As the government continues to push its celebrations of India’s 75th year of independence as “Azadi ka Amrit Mahotsav”, the Safdar Hashmi Memorial Trust, or Sahmat collective, has organised an exhibition in New Delhi that looks back at the milestone events in India’s freedom struggle.
Several projects undertaken by the Sahmat collective in the last 30 years have been put on display at the India is Not Lost exhibition at Delhi’s Jawahar Bhawan, in an attempt to have “moments of public courage and sacrifice in the long struggle for freedom remain palpable and edifying for generations to come”.
Playwright and political activist Safdar Hashmi was fatally attacked by goons allegedly linked to the Indian National Congress Party on January 1, 1989, during a street performance in Ghaziabad. Hashmi succumbed to his injuries the following day. In the aftermath of his death, artists and activists came together to set up Sahmat to “resist the forces threatening the essentially pluralist and democratic spirit of creative expression”.
The artwork displayed at India is Not Lost exhibition covers different parts of India’s freedom struggle, like the 1857 mutiny and the 1919 Jallianwala Bagh massacre, and goes up to Mahatma Gandhi’s assassination in 1948.
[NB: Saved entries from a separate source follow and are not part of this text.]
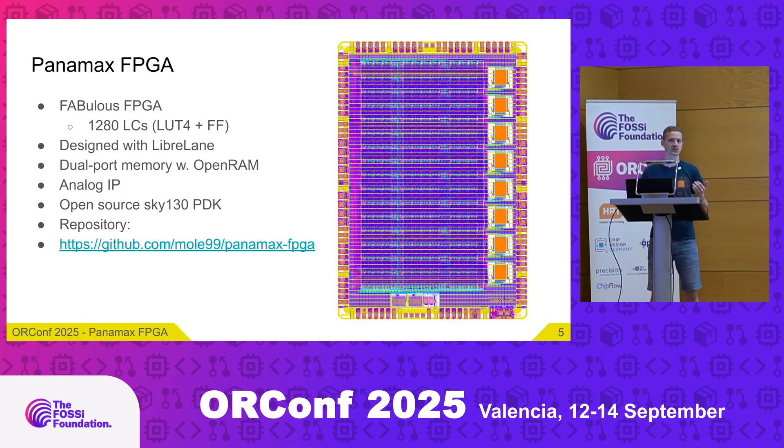The physical implementation was done with LibreLane — at the time still called OpenLane 2. I used my LibreLane Fabulous plugin to implement each tile individually and later stitch them together into a large fabric. On the right you can see eight SRAM macros from OpenRAM dual-port memory, which act as the block RAM for the FPGA. At the bottom there's also some analog IP connected to the fabric. Everything is developed using the open source Sky130 PDK and all sources are available in the repository.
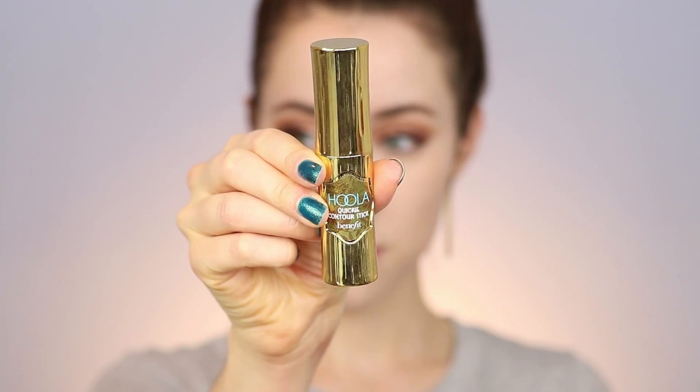I rubbed it in with my fingers in areas that were harder to reach with the sponge, then added a little more coverage where needed. It works well as a concealer, so I thought I would leave it without a separate concealer — but I did end up going back in later because I wanted the under eyes a little brighter.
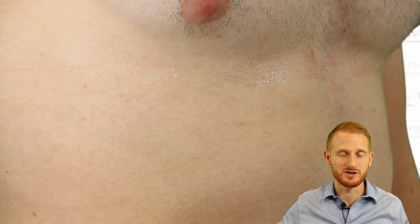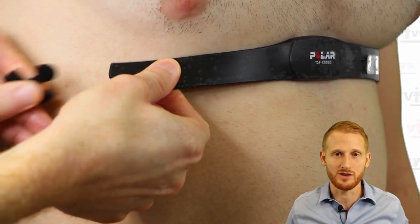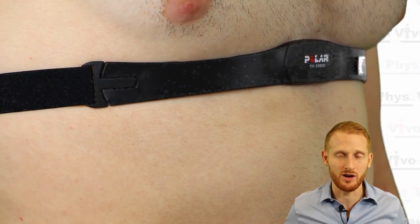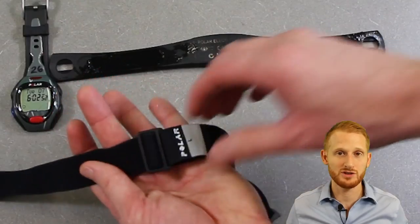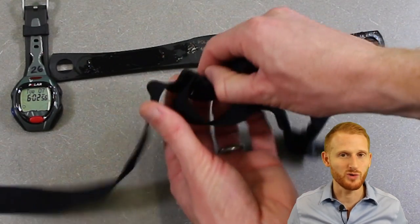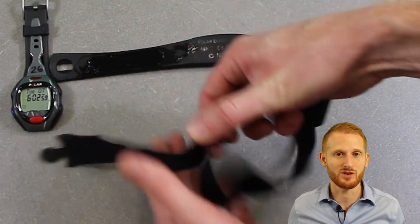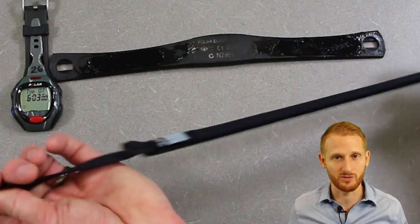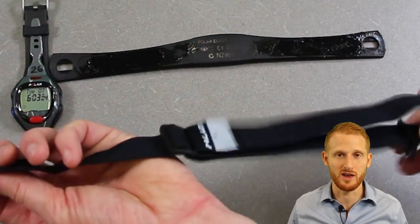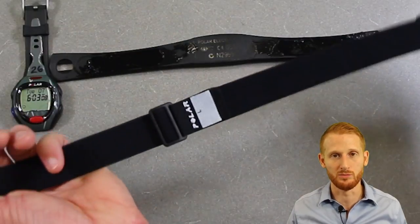Then take the strap around the person and connect it to the other side of the hard part of the heart rate monitor strap, just like you did on the first side. Make sure the strap is tight enough so it's not going to shift and move around when the person is moving and exercising, but not so tight that it makes it difficult to breathe or is uncomfortable. The straps are adjustable — they can go longer or shorter by moving the elastic part of the belt back and forth across the buckle.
Scroll.in spoke to Ram Rahman, a contemporary photographer and a founding member of the Sahmat collective, about the motivation behind the exhibition.
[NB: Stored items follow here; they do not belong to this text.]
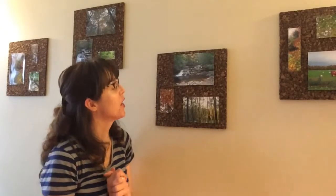Hi, my name is Elizabeth and welcome to my DIY channel. This is going to be a very short video on how I made these easy, simple corkboard picture displays for my living room. You only need a few supplies for this.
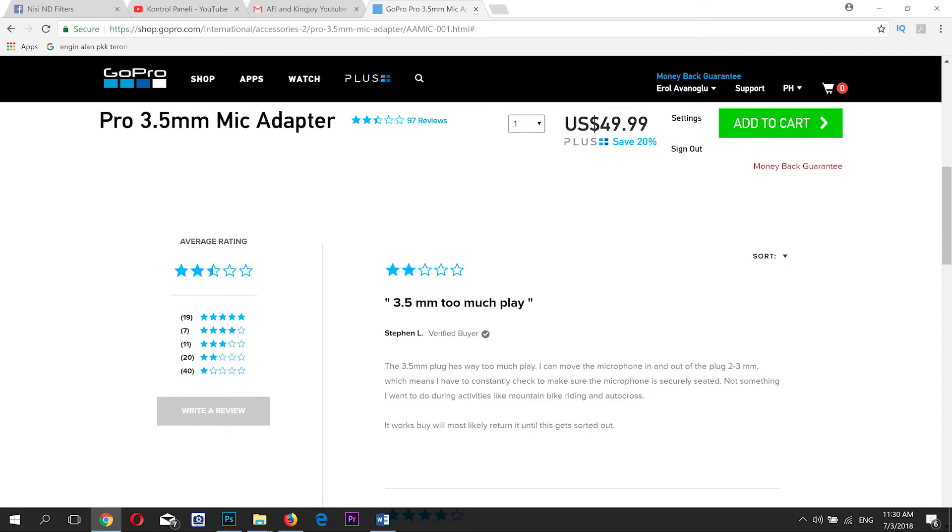When I was using this external microphone adapter in my video recordings, after the recordings I saw that there is no sound in my videos. I was very surprised and tried to look for solutions online. Unfortunately, I couldn't find a solution to my sound recording problem online, so I decided to write my own review on GoPro's own website about this 3.5mm microphone adapter.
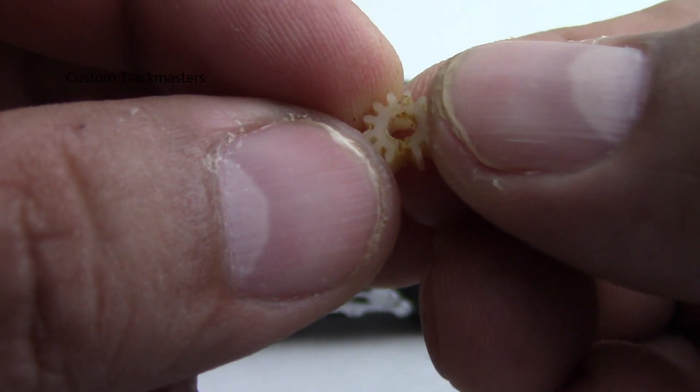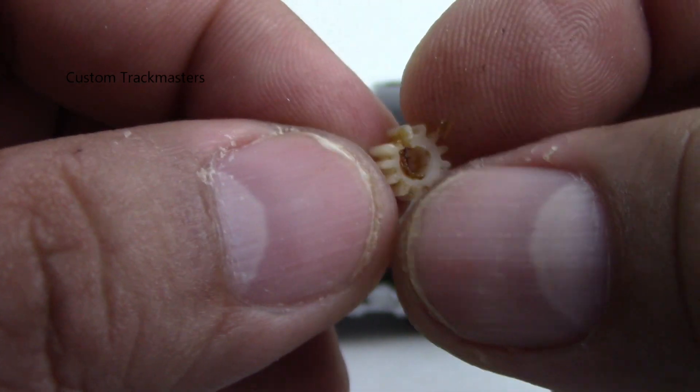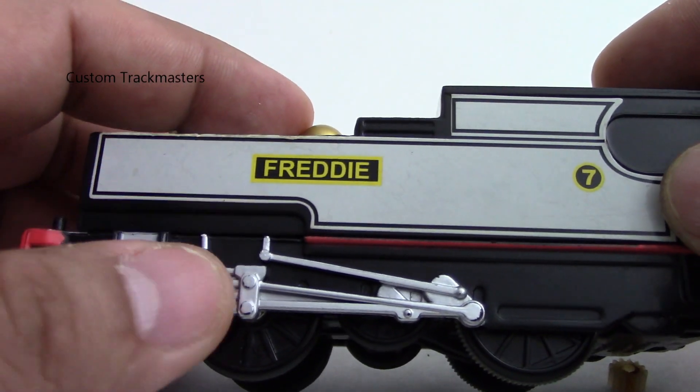When the gear is broken, the wheels make a clicking noise and start slipping. So let's fix it.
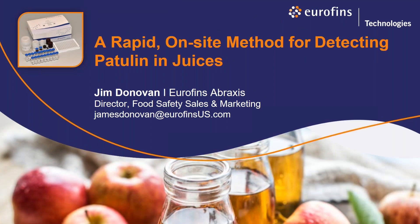Welcome, good morning and good afternoon, and thank you all for joining me to learn about our rapid on-site test method for detecting patulin in juices. My name is Jim Donovan, I'm the Director of Food Safety Sales and Marketing at Eurofins Abraxas. Please keep note of my email address in case you wish to receive information or have further questions — I'll be happy to reply.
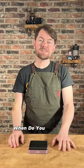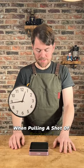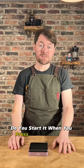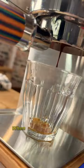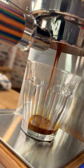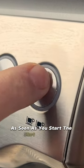A common question I'm asked is: when do you start the timer when pulling a shot of espresso? Do you start it when you press the shot button, or do you start it after the shot has started to pour when the first drips hit the cup? Shot time includes pre-infusion, so you start the timer as soon as you start the shot.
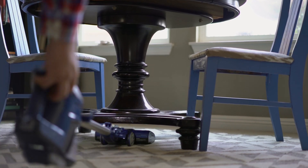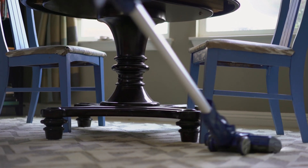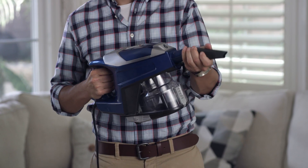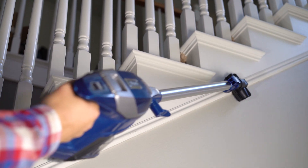Complete with powerful pet hair pickup, a slim design to easily reach under furniture, and hand vacuum capabilities for above-floor cleaning, this vacuum has serious cleaning covered.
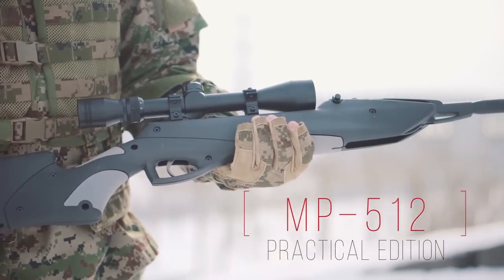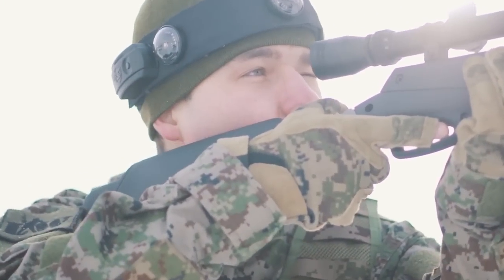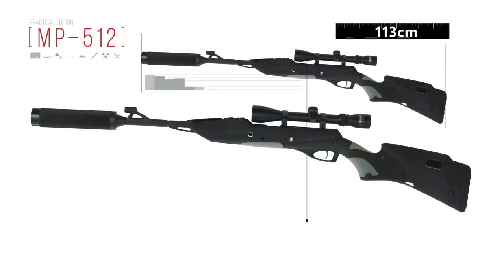MP512 laser tag game set, practical edition. Recommended for rental clubs, based on a similarly named pneumatic gun.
Edited excerpts from the interview.
Tell us about the idea for and the inspiration behind the exhibition.
There are many celebrations happening around the country to mark the 75th anniversary of our independence, and most of them are from the government, or fairly official. The Sahmat collective thought that this was a good time to look back and bring out our old artwork on the history of India’s freedom struggle.
The exhibition is meant to serve as a reminder of the reality in the context of the rewriting of the history that is happening now. We want people to commemorate all of the freedom struggle – not only the Gandhian and other peaceful parts of it but also revolutionaries like Bhagat Singh, Udham Singh etc who participated in it and were more militant in their engagement.
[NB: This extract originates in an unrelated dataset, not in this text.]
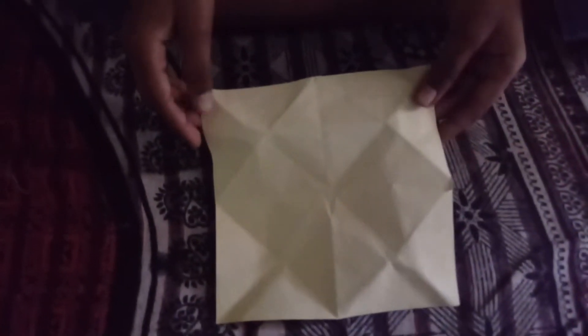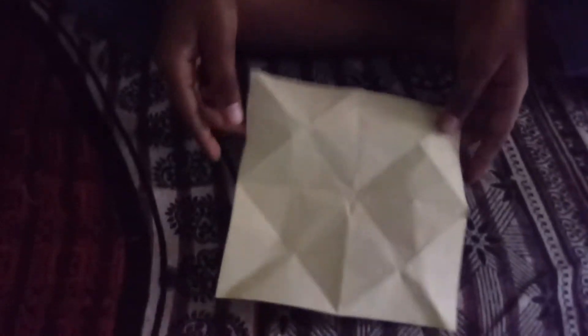Today I am showing you how to make a board with this paper. Let's start — first take a paper, take the right side and fold to the left side edge and press it like this. After that, take it again to the right side and do like this.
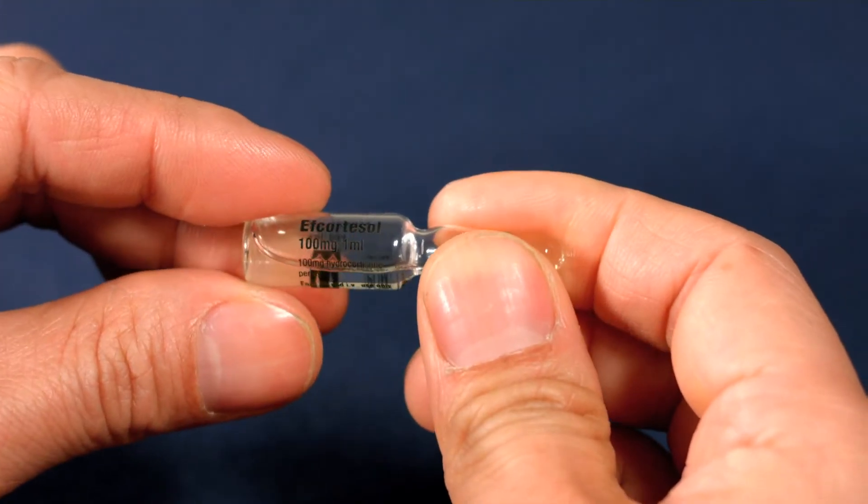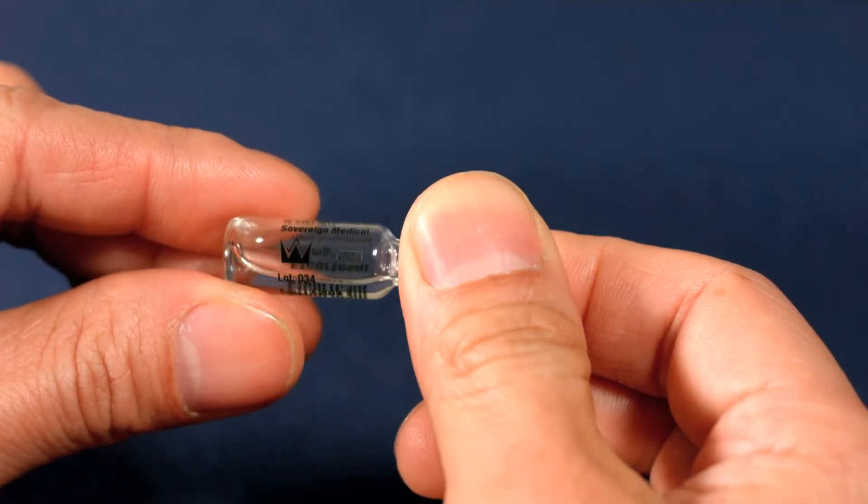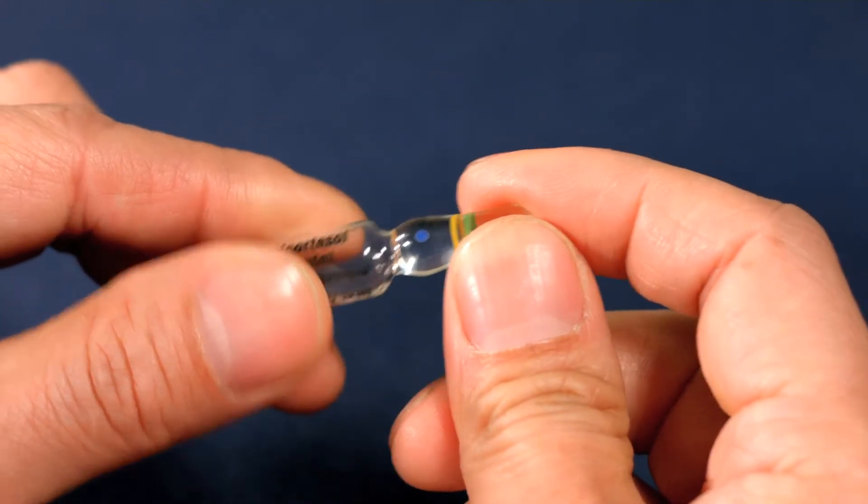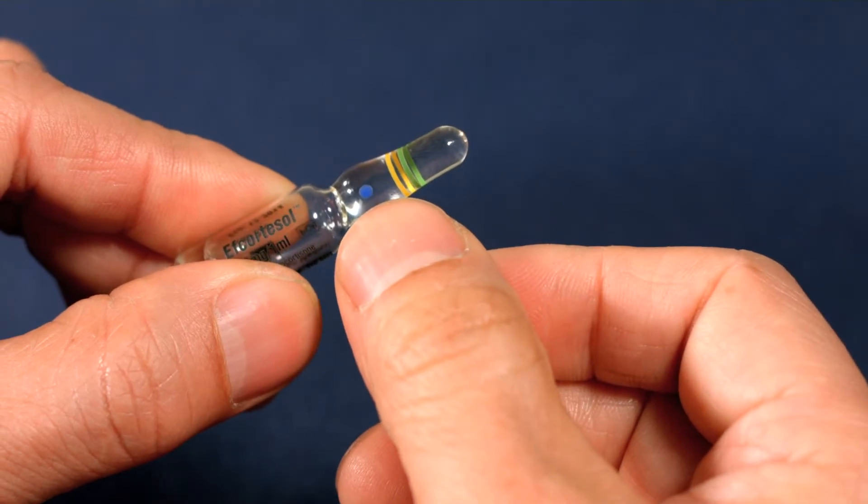Check the expiry or best before date on the bottle. If it's expired but it's the only medication you have, use it anyway. Notice the blue dot — this is the breaking point.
What was the inspiration for the title of the exhibition?
The title of the exhibition India is Not Lost is actually a quote that was said by Gandhi when he visited Noakhali (now in Bangladesh) after a spate of communal riots in the area. Gandhi had said that if Noakhali is lost then India is lost, effectively communicating that if communalism wins in the country then we are lost as a nation.
The point that we are communicating with this exhibition is that India is not lost, and that we still have that resistance and culture against communalism, inclusive of every belief and every culture.
How is India is Not Lost relevant in the country’s current political and social situation?
One of the main reasons why we decided to bring back old artwork, which goes back 30 years, was to prove that a wide range of artists in India, from seniors to very young artists, have always engaged creatively and positively with the whole notion of culture that the national movement had spawned. The point is to emphasise that connection, and to show that the strand between cultural workers and creative people has never been lost in India. In terms of cultural imagination, we have not yet been defeated by communalism or majoritarianism.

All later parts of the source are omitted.